Geoff Barrow just dropped a 41 track hip hop album. One has to sit back and simply take in the audacity before registering just how massive that is. For “hip-hop heads,” the Portishead guru is an uncertain guest; during the earlier years of indie sensibilities creeping into rap culture, fans of the more traditional welcomed the changes with open arms; electing snobbery over the dull platitudes available on the airwaves. Gradually, however, this gave way to a resistance, perhaps a reaction to the ever growing hold ‘safer’ artists have over hip hop, a suspicion of anything removed from what a rap fan considers “real.”

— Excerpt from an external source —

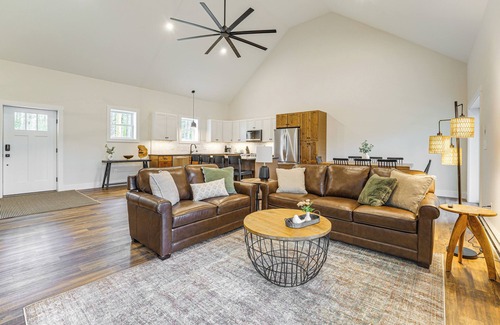 Sebago Casa | Walk to Sebago Town Beach: Luxe Townhome w/ Grill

Hence, Barrow and his crew (a genuinely massive collective) are considerably unlikely boom-bap saviors. Yet, as anyone who listens to Quakers will discover, this is exactly what they are. Portishead’s cold, brooding trip-hop sound is, after all, perfectly suited for MCs to bend to their needs; the likes of Lloyd Banks have sampled their work, which is in itself largely made from samples. In short, Barrow is perfectly suited to tackle a hip hop project, loyal fans will even tell you it’s about damn time; however, he’s not going it alone.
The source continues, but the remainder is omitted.